Suppose our goal is to model a joint probability distribution over variable-length sequences \(P(y_{1:T})\), where each \(y_t \in \{1, \ldots, K\}\) represents a word from a vocabulary of size \(K\). A language model assigns probabilities to possible sentences (sequences) of length \(T\).

By the chain rule of probability, \[ P(y_{1:T}) = P(y_1) P(y_2 \mid y_1) P(y_3 \mid y_2, y_1) \cdots = \prod_{t = 1}^{T} P(y_t \mid y_{1:t-1}). \] However, as \(T\) increases, this formulation becomes computationally intractable: the conditioning set grows with each time step. To address this, we make the Markov assumption: the next state depends "only" on the current state.

Definition: First-Order Markov Property

A sequence of random variables \((y_1, y_2, \ldots, y_T)\) satisfies the first-order Markov property if the conditional distribution of each variable depends only on its immediate predecessor: \[ P(y_t \mid y_1, y_2, \ldots, y_{t-1}) = P(y_t \mid y_{t-1}) \quad \text{for all } t \geq 2. \]

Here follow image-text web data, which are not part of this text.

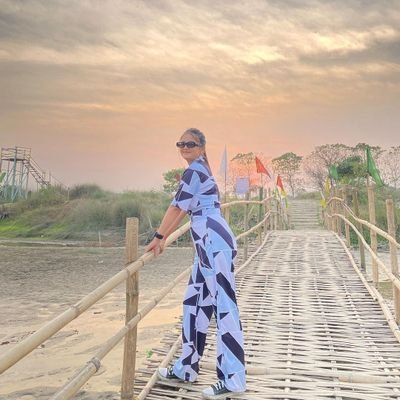 YaraWebste56055's profile picture. 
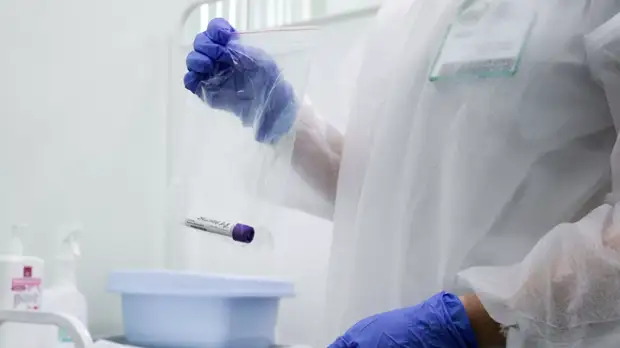 Новые случаи заражения коронавирусом выявлены в 49 регионах России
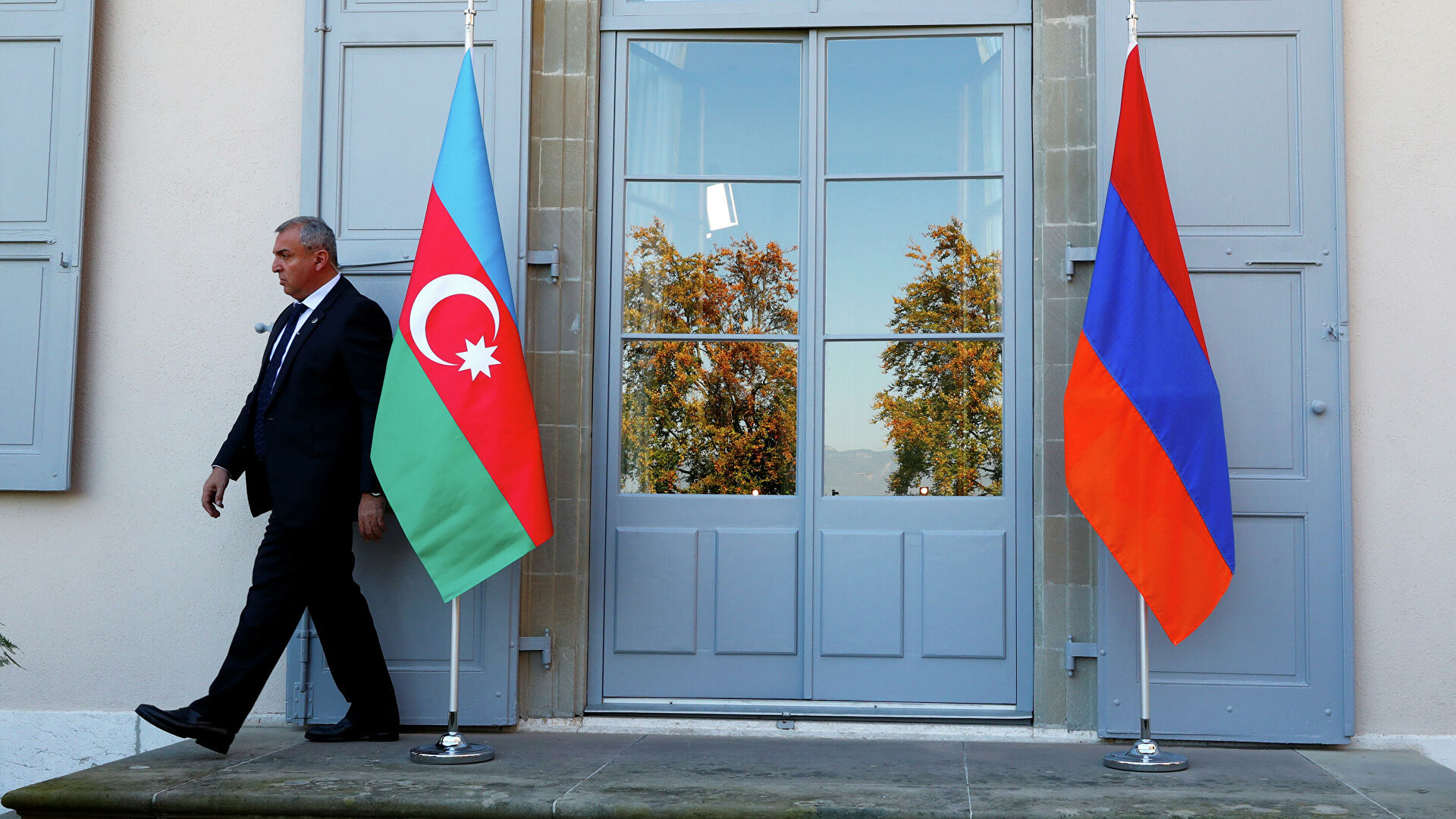 Глава МИД Франции обсудил с коллегами из РФ и ФРГ отношения Баку и Еревана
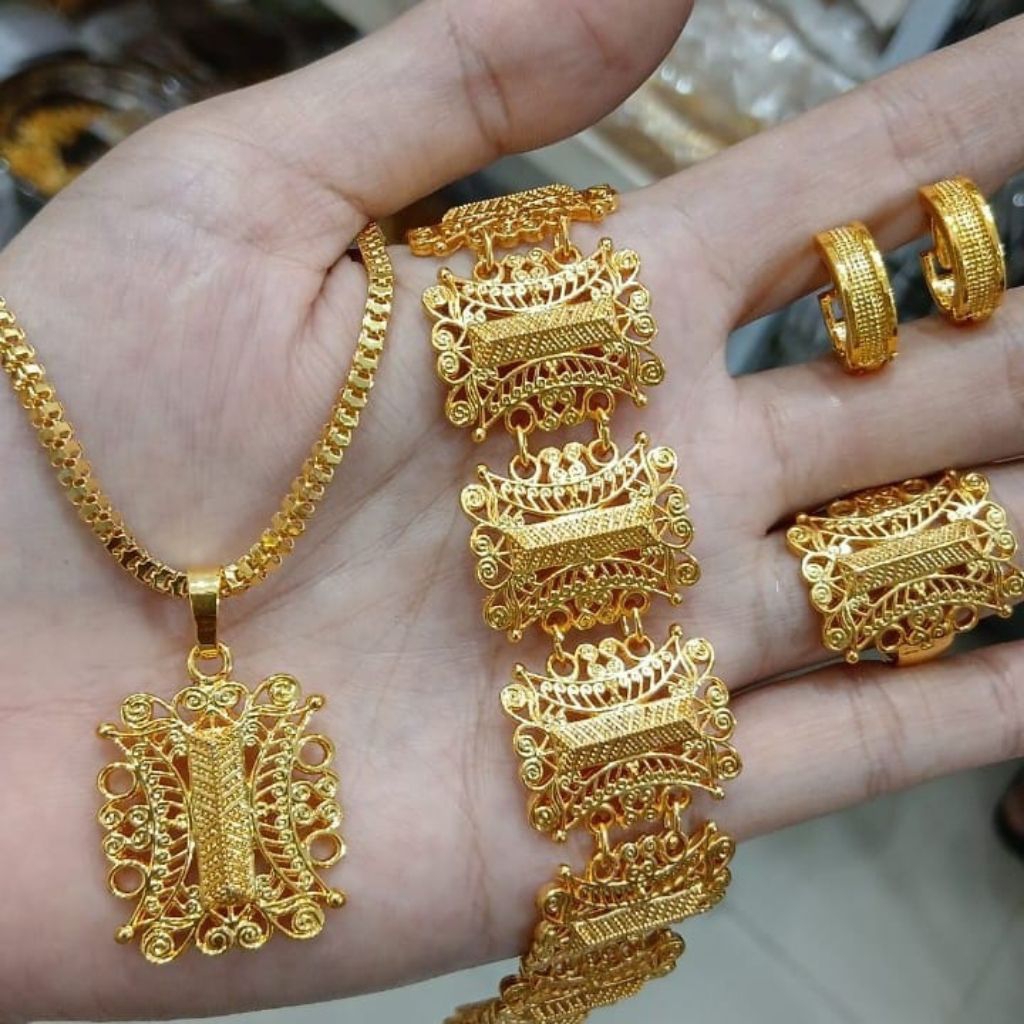 Cod Perhiasan Gelang Dubai Titanium Lapis emas24k Anti Luntur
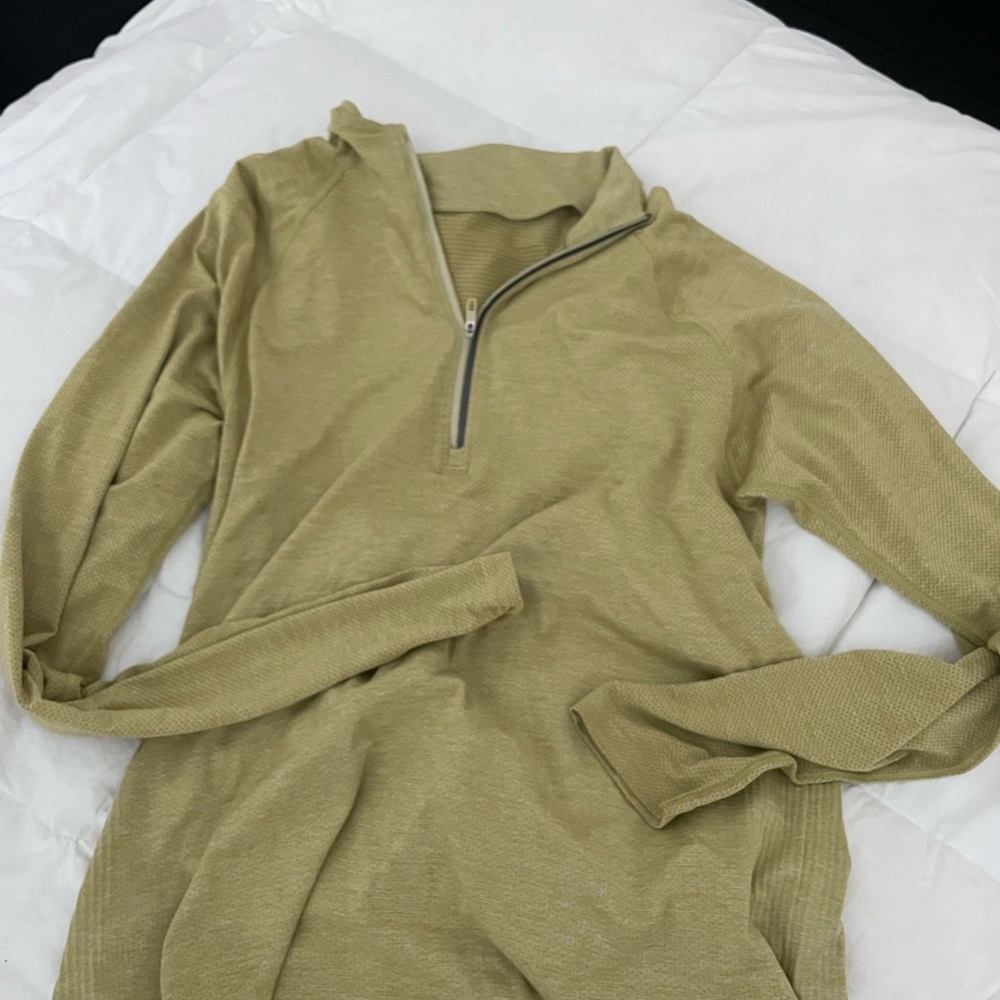LULULEMON Metal Vent Tech Half Zip 2.0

Under the first-order Markov assumption, the joint distribution simplifies to \[ P(y_{1:T}) = P(y_1) \prod_{t = 2}^{T} P(y_t \mid y_{t-1}). \] This is precisely the Bayesian-network factorization specialized to the linear-chain DAG, with each \(\operatorname{pa}(t) = \{t-1\}\) for \(t \geq 2\) and \(\operatorname{pa}(1) = \varnothing\). This memoryless property (formalized above as the first-order Markov property) dramatically reduces the number of parameters needed: from \(O(K^T)\) for the full joint distribution to \(O(K^2)\) for the transition probabilities. The function \(P(y_t \mid y_{t-1})\) is called the transition function (or transition kernel — the latter name extends naturally to continuous state spaces, where the matrix is replaced by a Markov kernel between measurable spaces), and it satisfies the properties of a conditional distribution: \(P(y_t \mid y_{t-1}) \geq 0\) and \(\sum_{k=1}^K P(y_t = k \mid y_{t-1} = j) = 1\) for each state \(j\).

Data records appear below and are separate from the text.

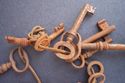 11 ANTIQUE SKELETON KEYS BARREL DOOR VICTORIAN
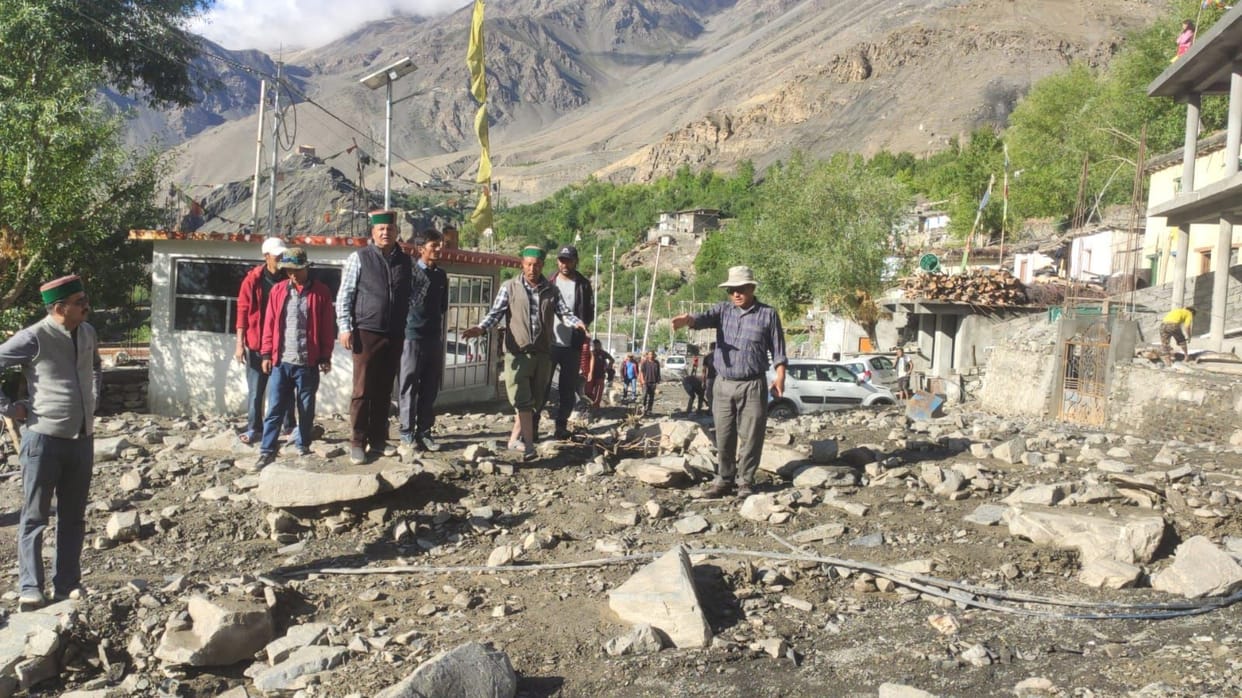One crore due to flood in Shalakhar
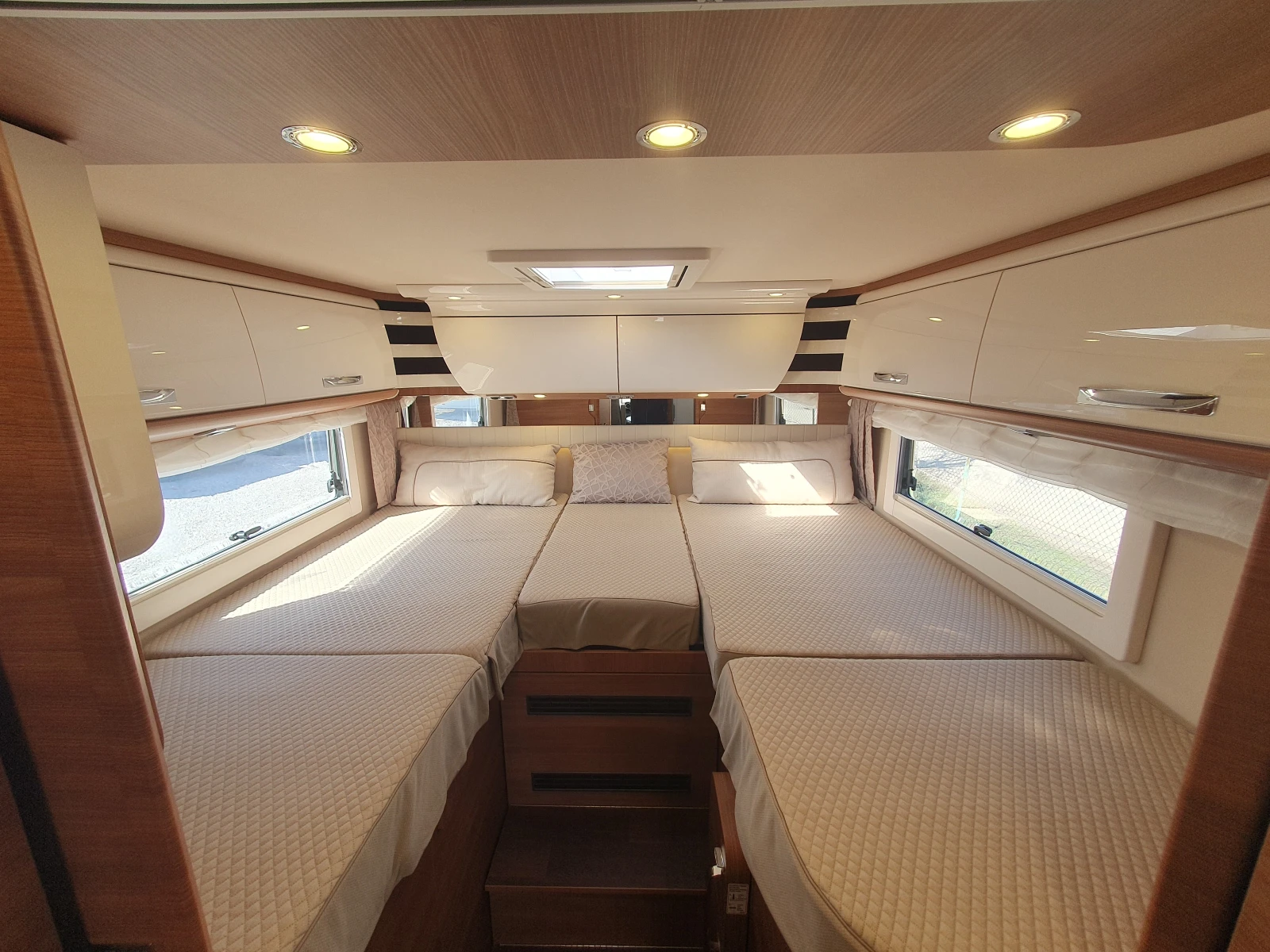 Кемпер Carthago C-Line 4.9L Mercedes* ALDE* Хидравлика* LiFePO4, снимка 12 - Каравани и кемпери - 54879688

We can compactly represent all transition probabilities using a row-stochastic matrix (also called a conditional probability table (CPT)): \[ A_{jk} = P(y_t = k \mid y_{t-1} = j), \] where each row of \(A\) sums to 1. (Linear algebra texts often adopt the column-stochastic convention, the transpose of ours; both encode the same dynamics — see the linked page for the equivalence.) When the transition probabilities do not change with time (i.e., the same matrix \(A\) applies at every step), the model is said to be time-homogeneous (or time-invariant).

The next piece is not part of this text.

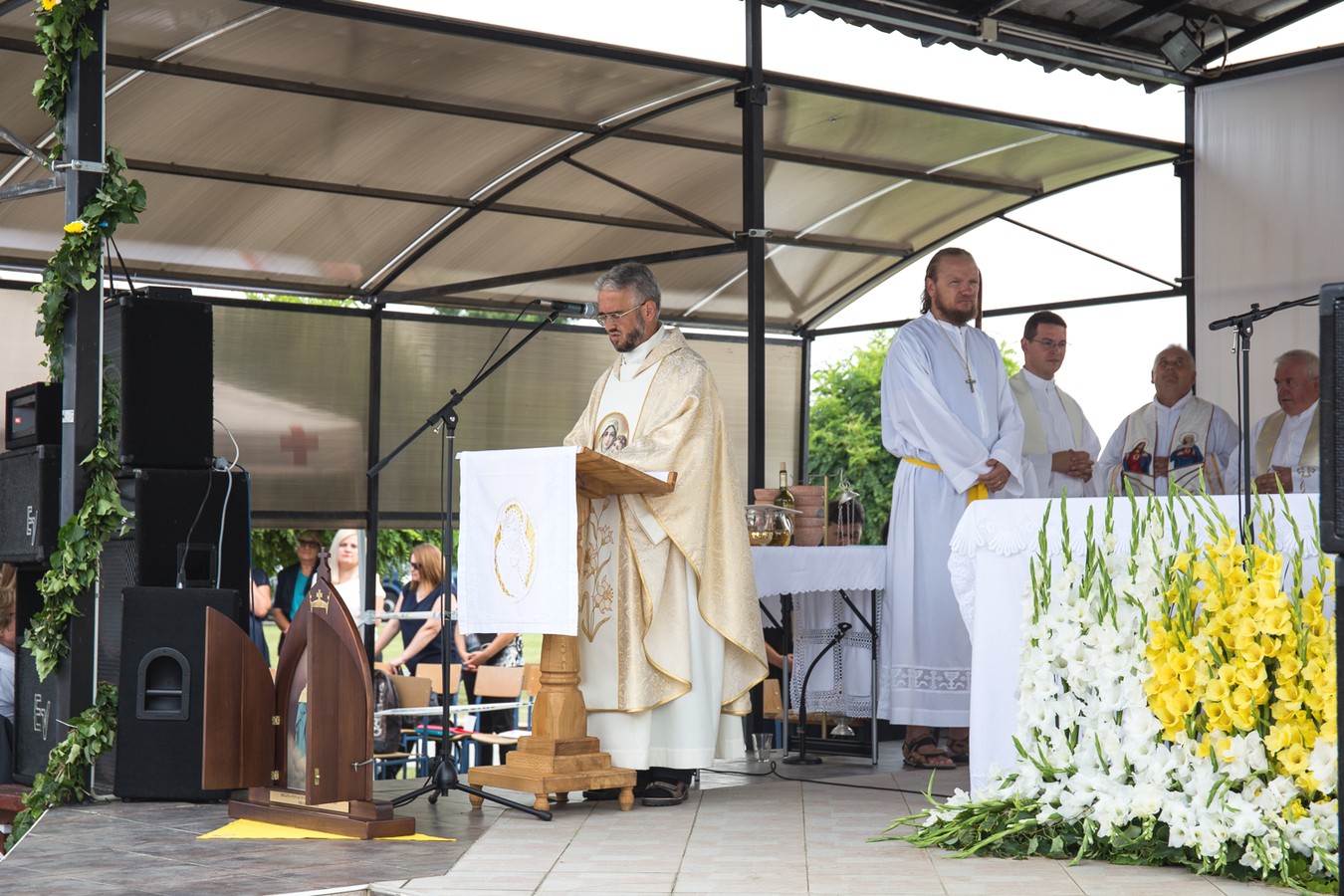 Deseta obljetnica posvete prvog Hrvatskog schönstattskog svetišta Kraljice srca u Maloj Subotici Deseta obljetnica posvete prvog Hrvatskog schönstattskog svetišta Kraljice srca u Maloj Subotici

The Markov assumption can be extended to consider the last \(M\) states (or memory length): \[ P(y_{1:T}) = P(y_{1 : M}) \prod_{t = M + 1}^T P(y_t \mid y_{t - M : t - 1}). \] This is known as an \(M\)-th order Markov model. In language modeling, this is equivalent to an \(M+1\)-gram model. For example, if \(M = 2\), each word depends on the two preceding words, leading to a trigram model: \[ P(y_t \mid y_{t-1}, y_{t-2}). \]

Any higher-order Markov model can be converted into a first-order Markov model by redefining the state to include the past \(M\) observations. For \(M = 2\), we define \(\tilde{y}_t = (y_{t-1}, y_t)\). Then \[ \begin{align*} P(\tilde{y}_{1:T}) &= P(\tilde{y}_2) \prod_{t = 3}^T P(\tilde{y}_t \mid \tilde{y}_{t-1}) \\\\ &= P(y_1, y_2) \prod_{t = 3}^T P(y_t \mid y_{t-1}, y_{t-2}). \end{align*} \] This state-space augmentation is conceptually important: it shows that the first-order Markov chain is a universal building block for sequential models, at the cost of an expanded state space of size \(K^M\).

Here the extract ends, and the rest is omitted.